Using tactics of intimidation and threats to cut campaign funding, the National Rifle Association and its army of lobbyists, not unlike the American Israel Public Affairs Committee, wield tremendous power on the entire US government.

Remember, this is an issue that pre-dates modern political rivalries. Guns are the everlasting pop culture image of American history. This is a country built by guns - be it the murder of indigenous people, or in rearing cattle using cowboys and militia for personal protection, or in the policing of minorities.

And it is African-Americans who remain the biggest victims of gun violence in the country. The violence meted out to white boys and girls via mass shootings is less than 2% of the overall killings caused by guns. The outrage of the past half a decade is for the lives of mostly white folks, killed by other white mass murderers.
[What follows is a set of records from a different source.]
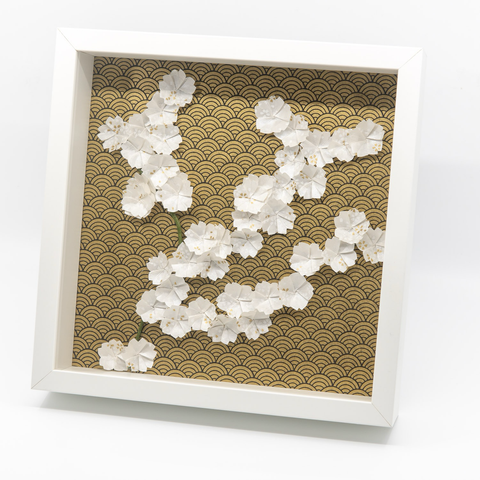 Photo d’un tableau d’une branche en origami avec des fleurs blanches sur fond noir et or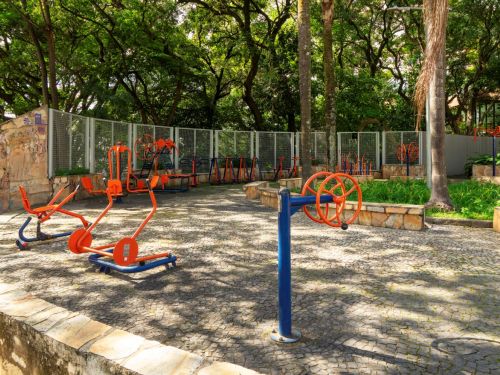 Academia ao ar livre com aparelhos de metal em azul e laranja, fixados sobre piso de pedras irregulares. Equipamentos incluem barras, pedais e bancos. Ao redor, há canteiros de grama e árvores altas que fornecem sombra. O espaço está parcialmente cercado por muretas de pedra.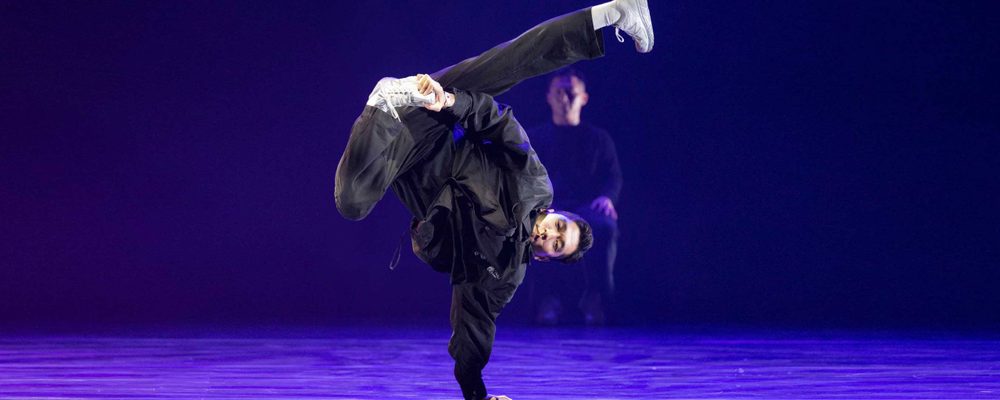 ABC (Academy Breakin’ Convention) A dancer dressed in all black balances in a one-handed handstand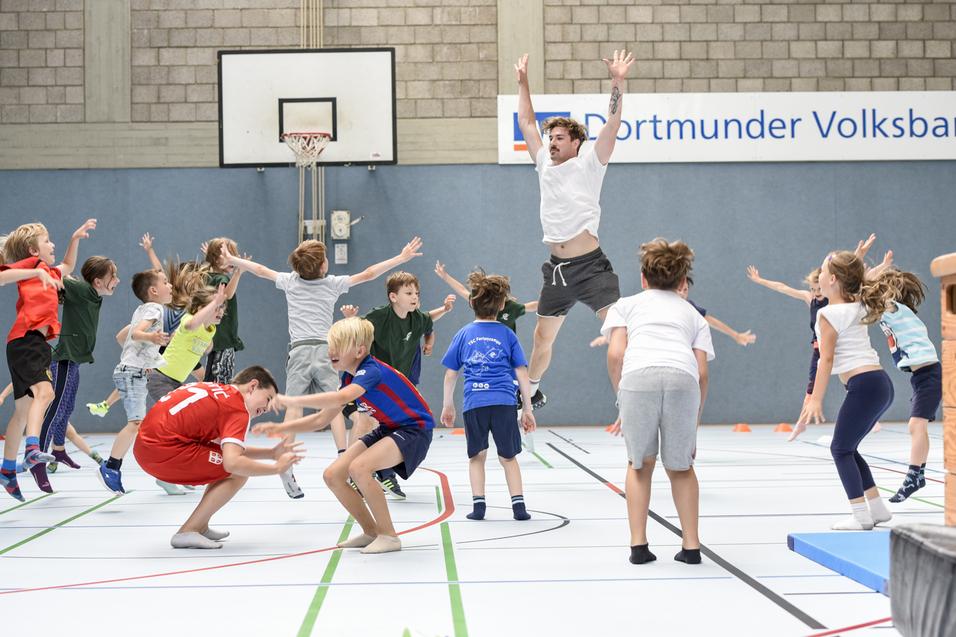Gruppenspiel mit Kindern in einer Sporthalle, die springen und sich in Bewegung befinden, während ein Erwachsener anleitet.
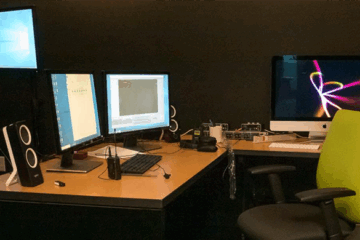 Studio Q setup with L-table, three monitors, external speakers and an office chair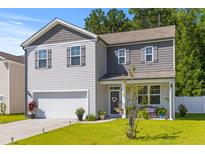 Charming two-story home featuring gray and white siding, a well-maintained lawn, and an attached two-car garage at 108 Rusting Link Rd, Summerville, SC 29483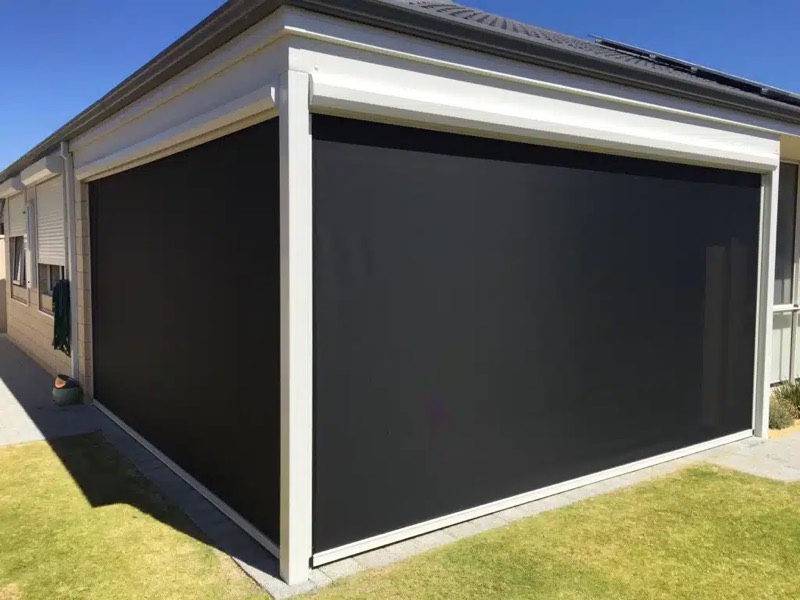 Two outdoor blinds lowered on the corner of a house facing a lawn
Given the scant regard for immigrants, Muslims, and African-Americans and how they might live and die is not important.

And still, if laws cannot change despite the murder of their own, what chance do people of colour have when it comes to justice or equality?

Apparently Americans are coming around. Students have been mobilising vociferously over the past week, pushing hard at the US government and demanding wide-reaching changes.

Later next month, there are mass protests and strikes planned. Under the banner of March for Our Lives, a group organised by survivors of the Florida school shooting, hundreds of thousands are set to walk in DC and in other parts of the country, demanding #NeverAgain.

According to Gun Down America, an organisation lobbying for fewer guns in the country, 61% of Americans feel that guns should be harder to access. Another 80% support a government buy-back programme for assault weapons. I certainly wouldn’t hold my breath.

It is inconceivable to see gun laws changing in the near future. Not with the Republicans controlling Congress and certainly not with Trump at the helm.

It is also unclear how long the protest action will last.

The shootings won’t end. Not any time soon. Not until ordinary Americans force their government to act otherwise.